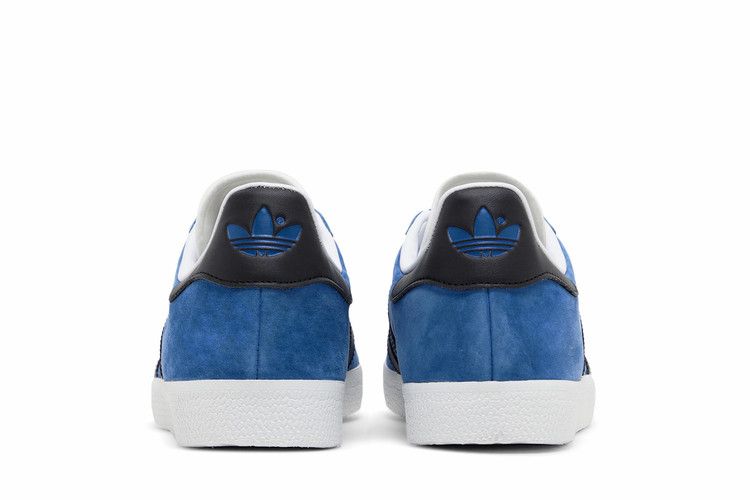 Adidas Gazelle 'Blue Bird Black'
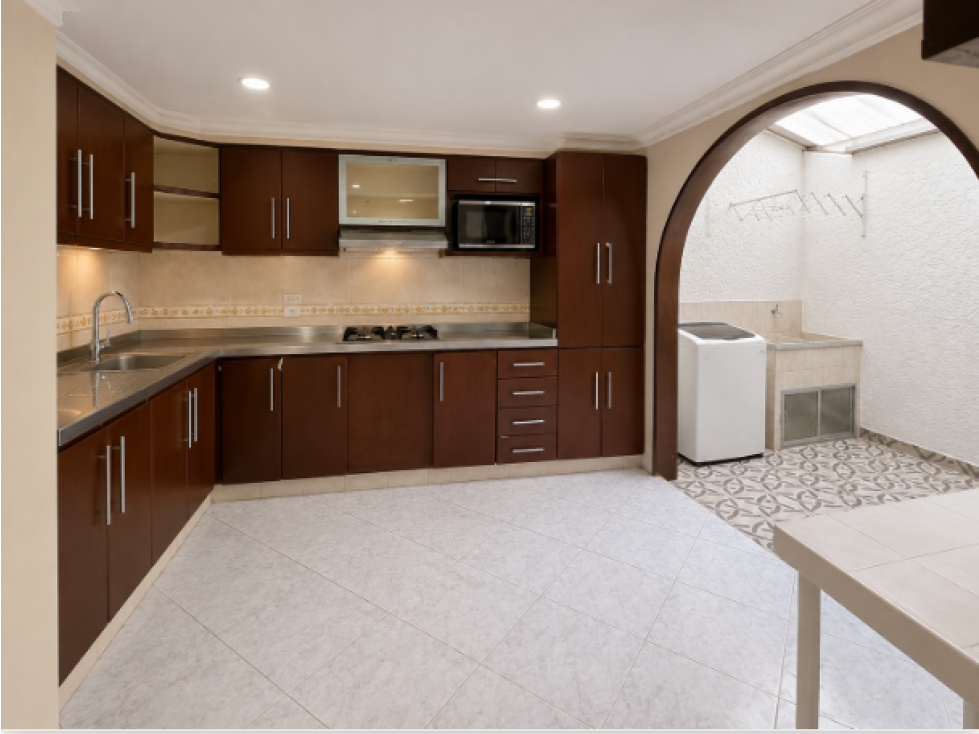 VENTA CASA 2 NIVELES UNIFAMILIAR BELEN LA NUBIA — foto 2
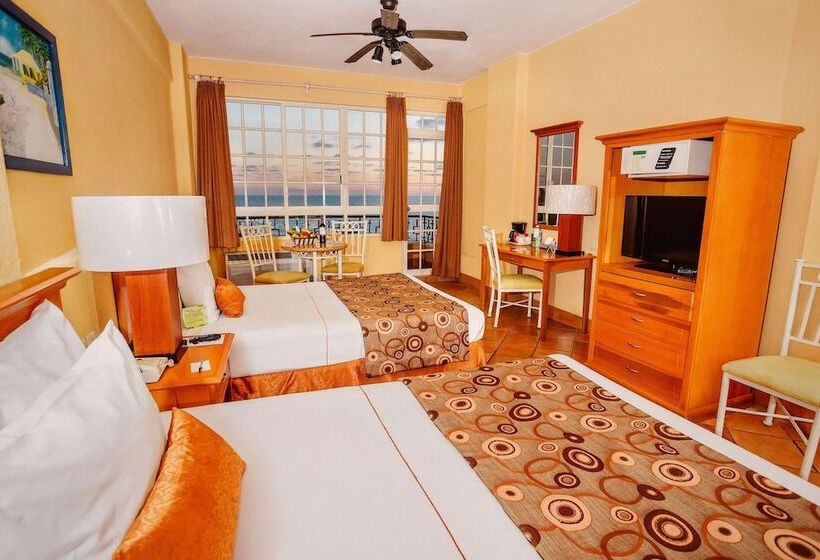 سوییت, Best Western Posada Freeman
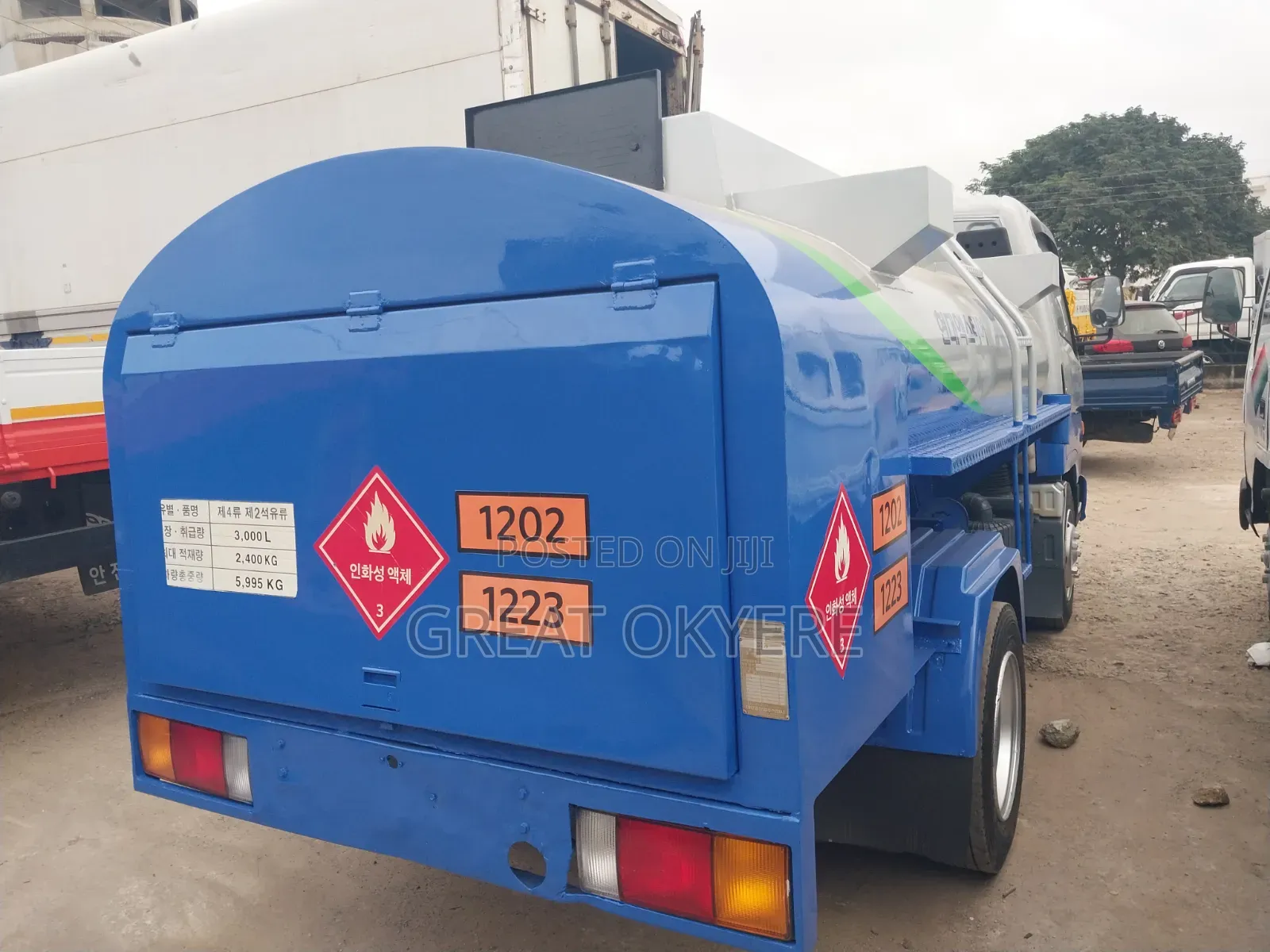 Hyundia Mighty 2 Tanker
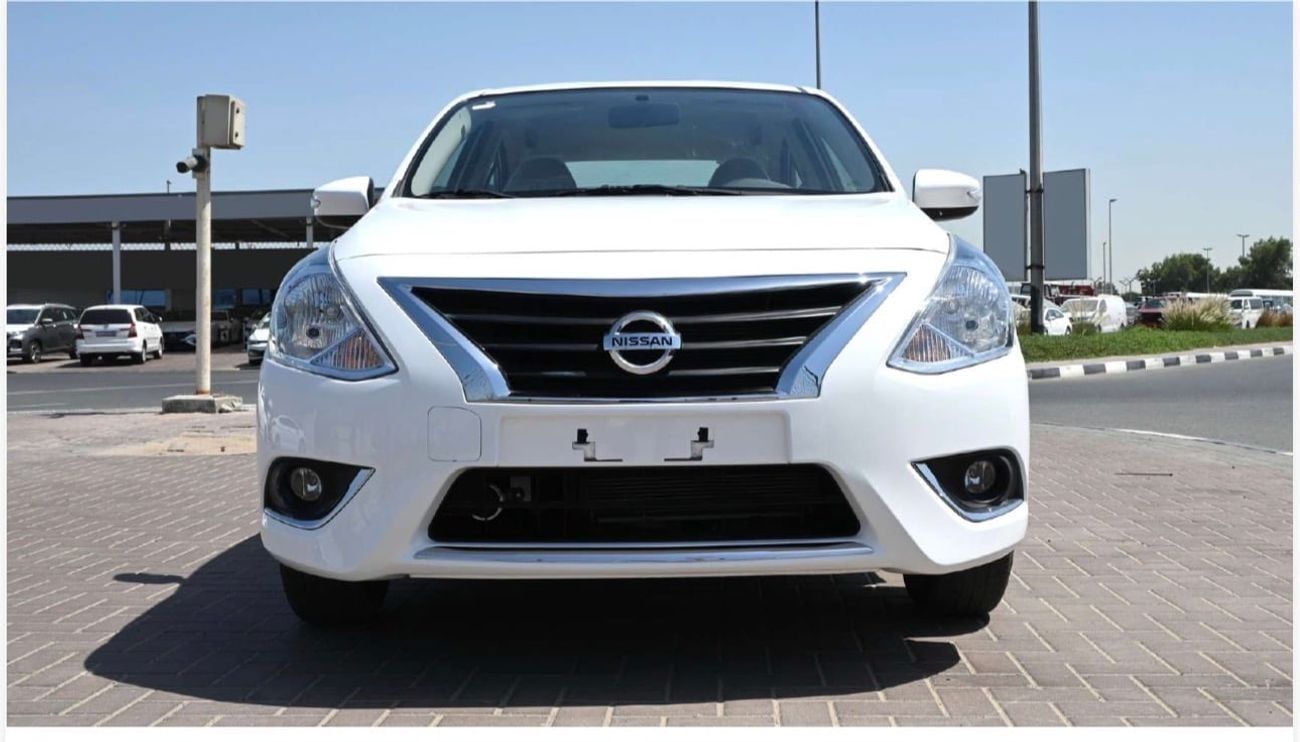 Nissan Sunny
.....
> **To do**
Return the listing above in an exact copy that leaves out the images.

> **Reply**
 Adidas Gazelle 'Blue Bird Black'
 VENTA CASA 2 NIVELES UNIFAMILIAR BELEN LA NUBIA — foto 2
 سوییت, Best Western Posada Freeman
 Hyundia Mighty 2 Tanker
 Nissan Sunny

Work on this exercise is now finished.